● What to do: Using the material below, print the line that contains "Поворотный кулак TOYOTA", the line that contains "Used smart forfour", and every line in between, exactly and nothing else.

● Record extracts:

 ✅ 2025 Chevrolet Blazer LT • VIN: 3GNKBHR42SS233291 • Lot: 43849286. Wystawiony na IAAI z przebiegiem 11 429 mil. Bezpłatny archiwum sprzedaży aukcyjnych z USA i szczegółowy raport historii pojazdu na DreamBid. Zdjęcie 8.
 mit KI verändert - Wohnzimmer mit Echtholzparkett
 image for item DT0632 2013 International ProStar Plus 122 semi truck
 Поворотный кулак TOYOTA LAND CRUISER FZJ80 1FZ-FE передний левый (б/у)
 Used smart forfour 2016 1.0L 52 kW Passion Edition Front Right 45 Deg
* * *
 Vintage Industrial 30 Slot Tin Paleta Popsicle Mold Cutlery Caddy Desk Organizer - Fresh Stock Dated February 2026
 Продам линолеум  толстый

● Answer to this exercise:
 Поворотный кулак TOYOTA LAND CRUISER FZJ80 1FZ-FE передний левый (б/у)
 Used smart forfour 2016 1.0L 52 kW Passion Edition Front Right 45 Deg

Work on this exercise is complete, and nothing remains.